2) Buy from Steam - not free + but, cheap + 2 to 3MB/s download speed + automatic updates + always works, always seamless + "defragment game folder" options, etc, built in + fast, free, re-downloads for life (install as many times as desired)


To add to 2), most games also back up your saves via Steam Cloud now. Not necessarily something you'll always use, but after a reformat, I greatly appreciated it.

However, I have noticed that Steam's offline mode is rather fickle. I try use it when I'm at my friend's house (lack of wireless and a lack of an ethernet port. Weird, unusual scenario, I know), and half the time "Play offline" simply doesn't work. It's put me in the weird position of considering downloading cracks for games I legally own so that I can play them.


Are you putting it in offline mode before you head over or after you get there?


After I get there. I have a desktop PC, not a laptop. I can't really leave it on and then head over. Unless what you're implying is that I need "activate" offline mode on my computer by using it when I'm online here? If so, I really wish Valve would make that much clearer than the infuriating error that pops up now when I try to use offline mode while offline.
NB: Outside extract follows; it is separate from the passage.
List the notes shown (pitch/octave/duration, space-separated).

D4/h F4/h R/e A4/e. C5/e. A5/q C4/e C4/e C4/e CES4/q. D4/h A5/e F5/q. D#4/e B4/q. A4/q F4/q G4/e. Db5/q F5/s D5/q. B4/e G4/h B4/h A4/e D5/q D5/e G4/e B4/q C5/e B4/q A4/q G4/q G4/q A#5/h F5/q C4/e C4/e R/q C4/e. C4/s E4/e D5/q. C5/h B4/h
Yes, the prescribed way is putting it into offline mode before you lose the connection. It sometimes lets you go into offline without a connection but I don't understand the method it uses to make that decision.


Yeah, if I'm headed to my cottage or some place without Internet access I make sure whatever games I want to play are updated then I switch to offline mode.

Sometimes I can go straight to offline mode but to be on the safe side, switch before you lose network access.


Steam also succeeds because it is cheap, unless a game is selling well they drop the price by a lot very quickly. I've bought games that are only a year or so old for as little as £7.99 (Saints Row 3, Deus Ex HR etc).

At highstreet stores it was very difficult to get games for less than £15 or so.


Valve wants Steam to be like Kindle. It's heavily DRM'ed, but available on any platform you can imagine, and therefore you are not restricted by the OS, only by Steam.


That's a very good parallel, and it might give a glimpse into Valve's future.